Like many houses in the inner city our house was Victorian in style and had probably been built around 1850. It had 3 bedrooms upstairs and one downstairs which Indigo, being the only boy, claimed as his, stating with uncharacteristic bravado that he should sleep downstairs in case anyone broke in at night.

The house was completely unfurnished except for a shabby armchair which we all uhmmed and aahhed over as if we were antique dealers; and a faded framed photo of a soldier who looked like he may have served in World War I, hanging in the living room above it. Mel didn’t like the photo where it was, moving it to the hallway where it blended better with the wallpaper.

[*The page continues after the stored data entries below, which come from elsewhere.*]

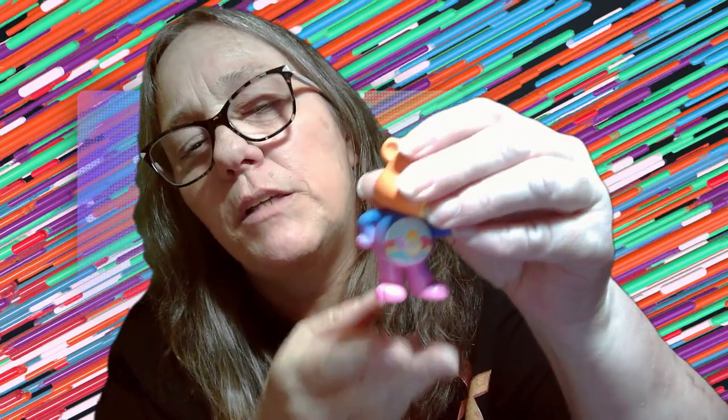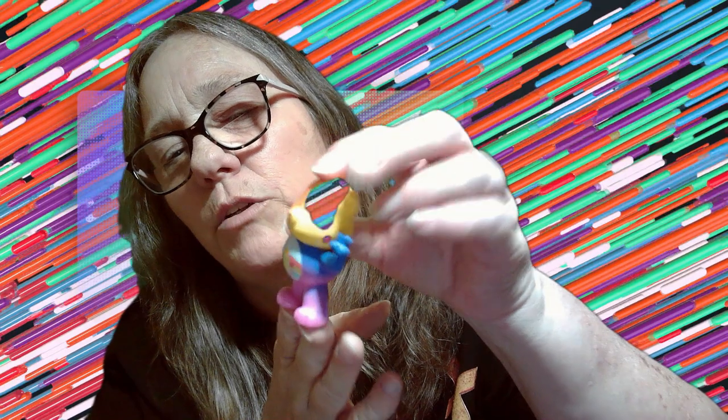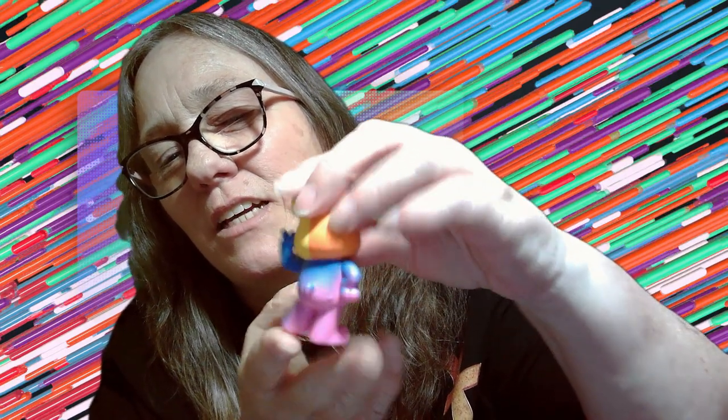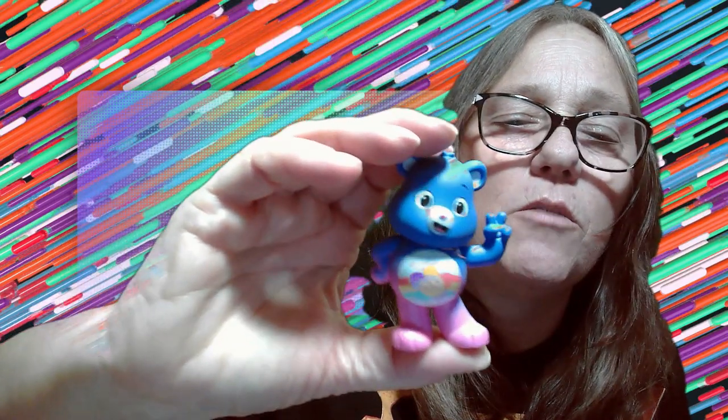I'm going to say it's Charm Bear. So let's go ahead and finish peeling him. Based on the stomach, we did get Charm Bear. They look kind of cool when you do it in pieces like this, but we're going to go ahead and get this wrap off the head. This feels like balloon texture — just a little thinner than a balloon. There she is, Charm Bear.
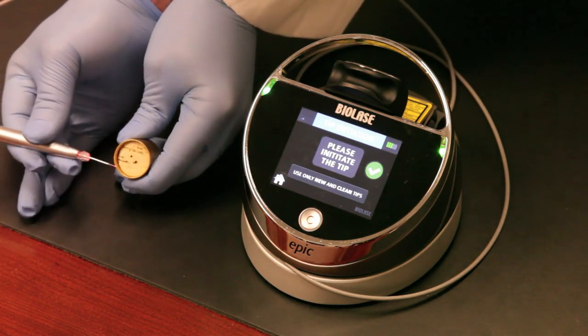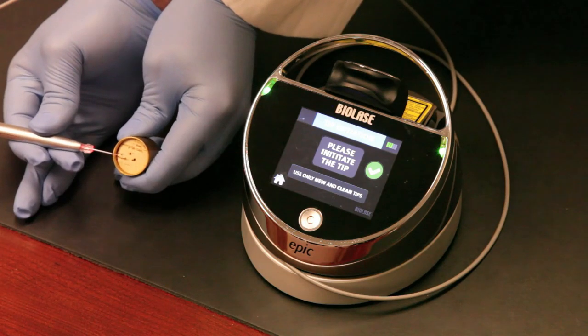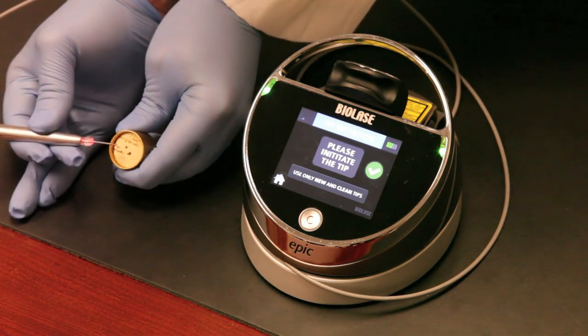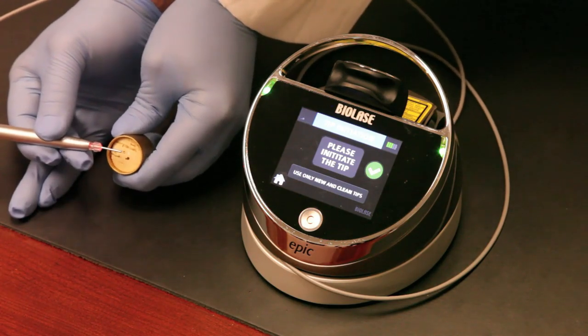You'll initiate the tip prior to any sort of soft tissue surgery. You will not initiate the tip if you're using the laser for things like canker sores, aphthous ulcers, or herpetic lesions — all those things require just blanching of the light.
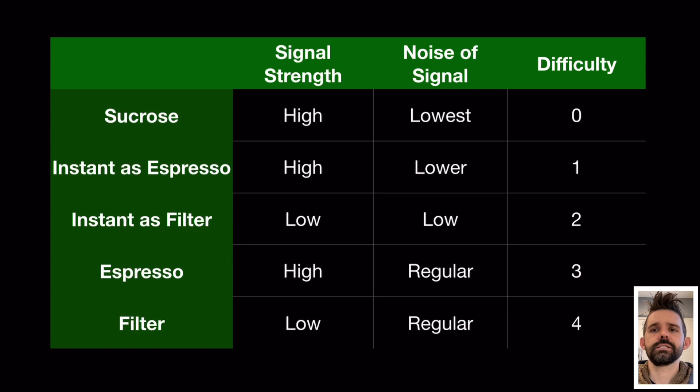Some of the tests we used to better understand how it performs are: sucrose, instant coffee at espresso strength, instant coffee at filter strength, espresso, and filter coffee. The nice thing about sucrose is that it's a very clean signal with very little noise, and you know the ground truth because you're adding sugar to water and can weigh both. Instant coffee adds a little more noise, and espresso and filter are more challenging — not just to find ground truth, but there's a lot going on in those drinks.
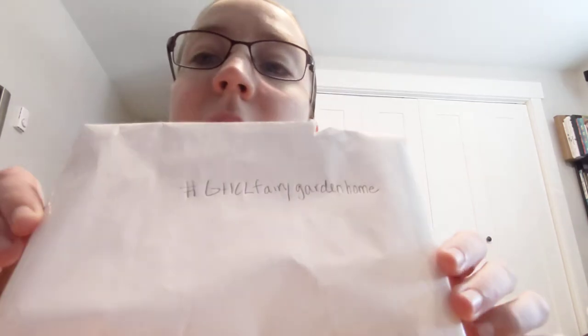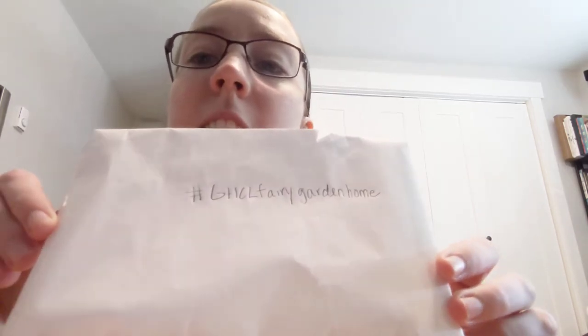I hope you guys had fun! If you want to share your creations, we would absolutely love that — we love to see what designs people come up with. Please post them in the comments and use the hashtag ghcl fairy garden home.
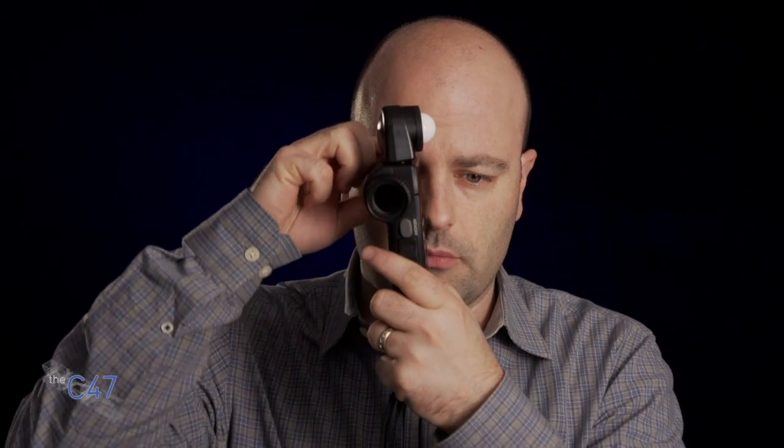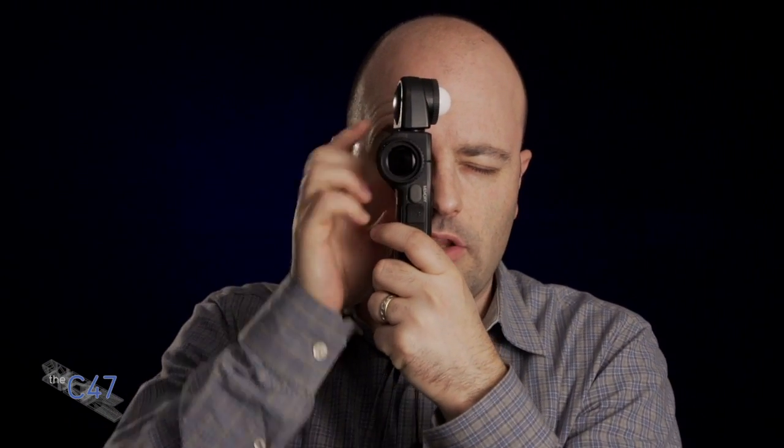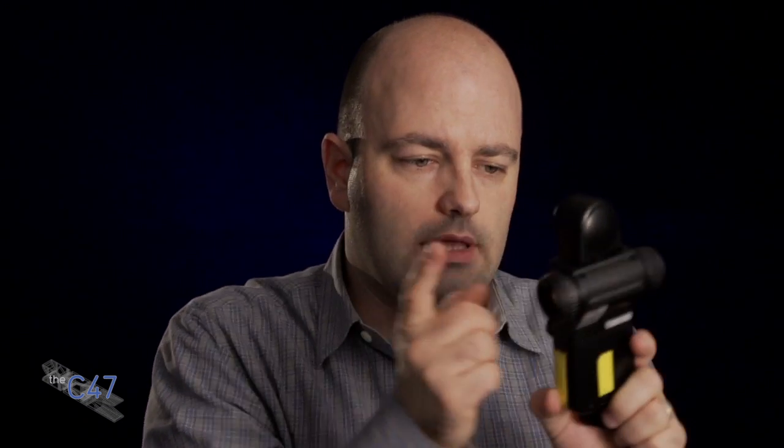One of the things that's great about the 758 is that, besides the fact that it is an incident meter — which allows you to measure light where light is falling — it also has a spot meter. You basically switch it over into a different mode with a little turn, and then you're able to take reflective light meterings of different areas. The spot meter in here is a one-degree spot meter, so it is very, very accurate.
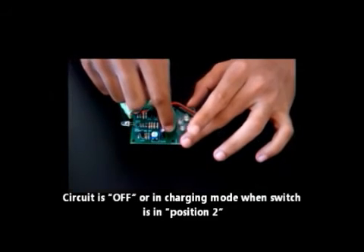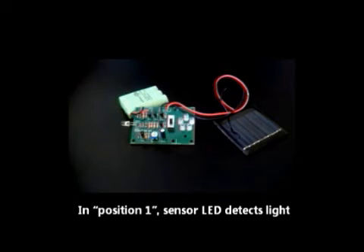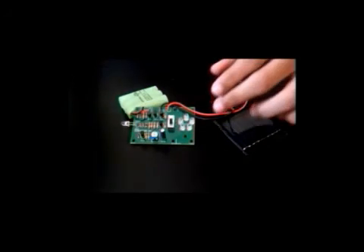When you slide the switch to position 1, the sensor LED will start detecting light through the phototransistor. When the phototransistor detects light, the LEDs will be off. However, when you cover it, it detects no light and the LEDs will light up.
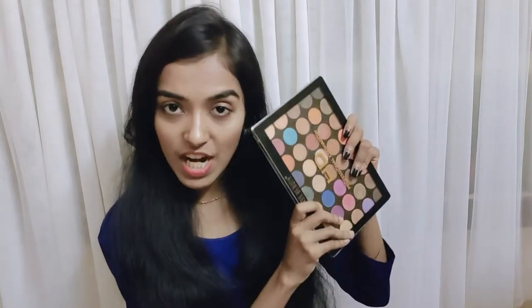I have a lot of eyeshadows for beginners. I will try a lot of different palettes — I have a lot of affordable palettes. Now, I will give you a description of the correct price.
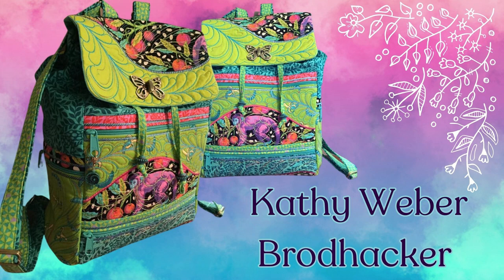Making this backpack an absolute showstopper, it comes as no surprise that Kathy's creation has quickly become a crowd favorite in our group. The vibrant colors and impeccable craftsmanship have garnered praise and admiration from fellow members. Kathy, thank you for sharing your incredible talent in the group. We appreciate your enthusiasm and the joy you bring to our community. We can't wait to see what other creations you'll come up with next.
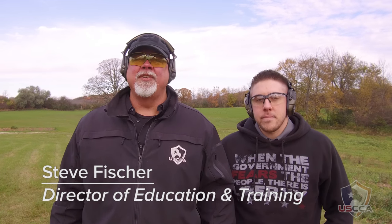Hi everybody, Steve Fisher here, the Director of Education and Training for the United States Concealed Carry Association. I'm joined here today by young Brock Makowski. Brock is one of our training counselors and I brought Brock along today because we've had a lot of requests to demonstrate how to practice drawing from alternative carry positions.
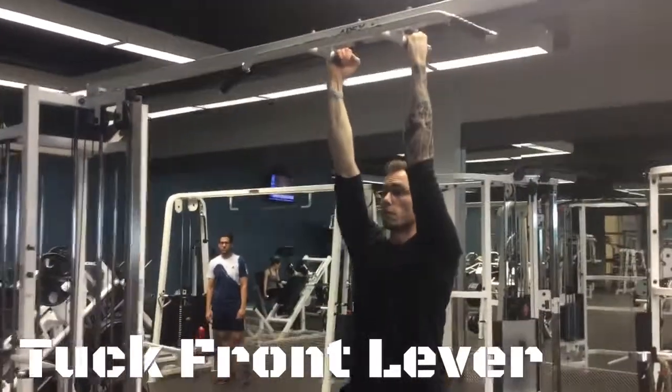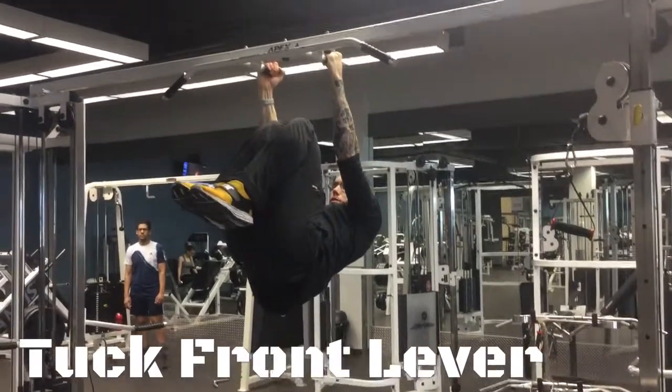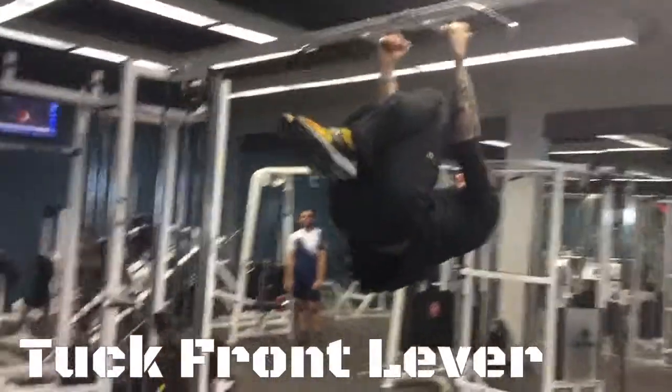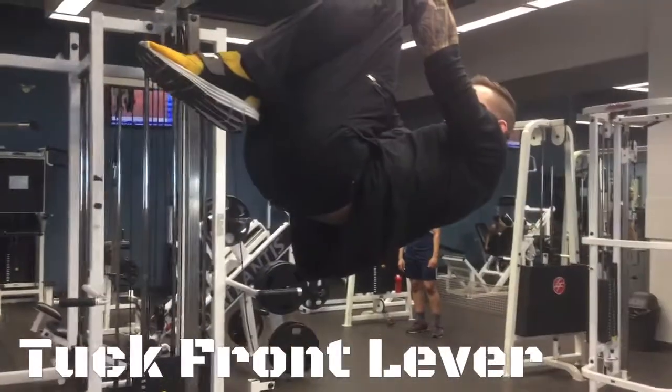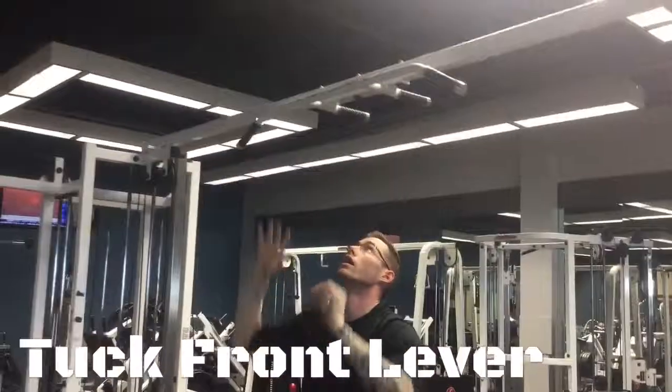With the tuck front lever, we're going to pull through the lats and lift the body up, holding it in the tuck position. While holding this position, the arms remain straight. The goal is to keep the body parallel with the ground, and while there, squeeze the pecs together.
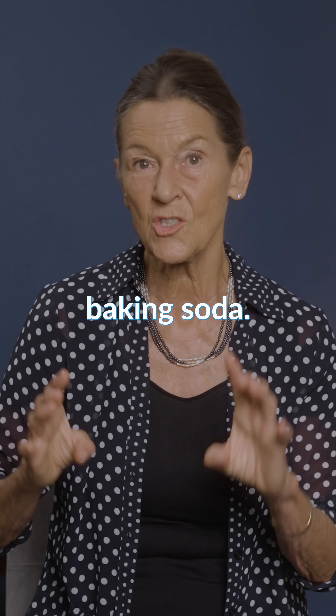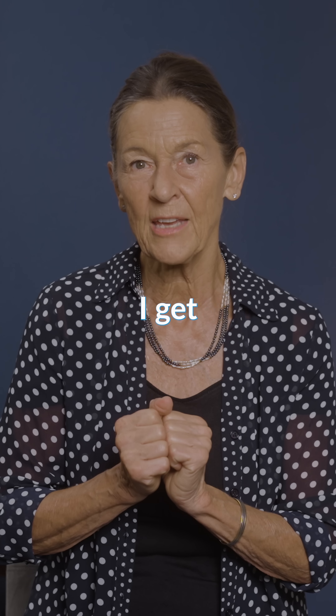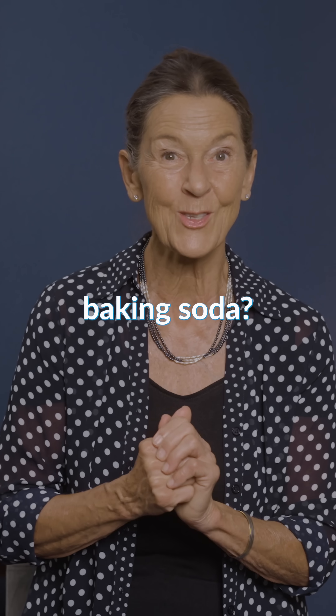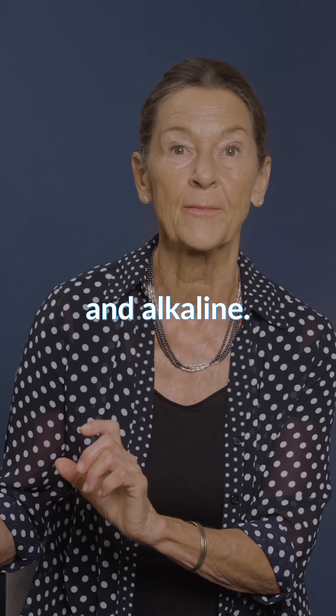Let's talk about baking soda. Lots and lots of comments I get from people — because we know acidity is bad for teeth — so how about baking soda? It's so nice and alkaline.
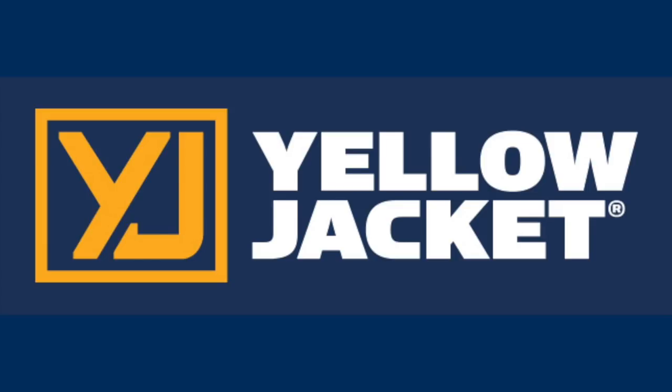The following video is brought to you by Yellow Jacket — nearly 70 years of quality HVAC tools.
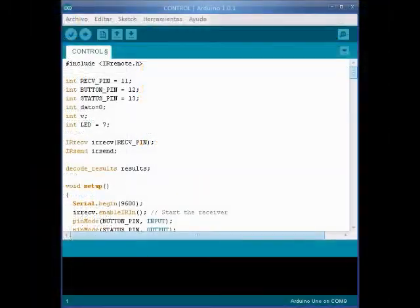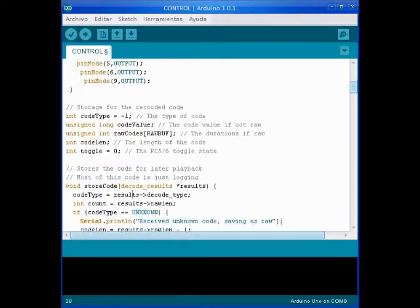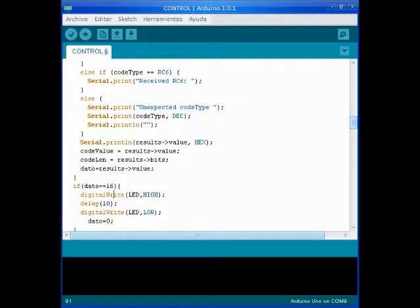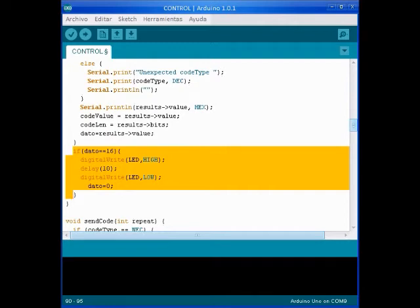Hello, my name is Alejandro and I will show you how we program these codes. First, we have to copy the example and the library — in this case it is IR remote. Another thing you have to do is use this code to prevent the infinite repeating of the code that you are sending to Arduino.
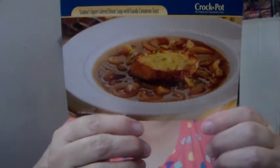Step one: Spoon oil over the bottom of a three-to-six-quart crock pot slow cooker. Add two tablespoons of butter, distributing evenly. Add onions and apples. Cover and cook on low for eight to ten hours, or until onions are softened and caramelized.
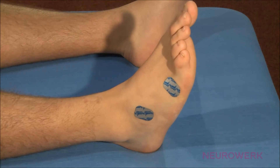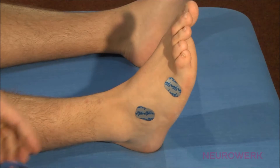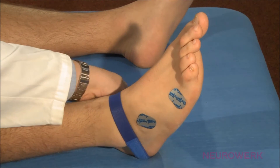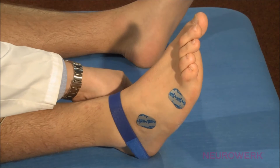In the motor neurography of the peroneal nerve, the different or active electrode is positioned above the extensor digitorum brevis muscle. The indifferent or reference electrode is attached to the first joint of the little toe. The ground electrode is fixed proximally from the recording electrodes.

Within a week we had made ourselves at home, moving in our desks, single beds, boom boxes and secondhand wardrobes. We decided to keep the armchair in the living room where we had found it as it looked like it belonged there.

Indigo noticed it first. The creaking of the chair. The old armchair creaked when anyone sat in it, we made jokes about being able to guess who was sitting in it by the depth of the creak. When Indigo heard it creak, it was two in the morning and there was no one sitting in it. He heard it again the next night and the night after that. Mel heard it too. When Antonia heard it she was so scared she spent the next three nights at her boyfriend’s house.

I was scared too but I wanted proof. I needed to make sure the creak wasn’t caused by the floor boards contracting at night or a draught coming under the door. I set up a tape recorder to run all night and a very old Video 8 camera.

In the morning the video camera was upended on the couch (unnerving enough) but the tape recorder was still running. We played it back over our cornflakes.

Footsteps sidled across the hardwood floor, light as the steps of a child, pausing after about ten steps so that we thought we must have imagined the whole thing until we heard a whoosh as if someone was shifting position, then the familiar creak of the chair.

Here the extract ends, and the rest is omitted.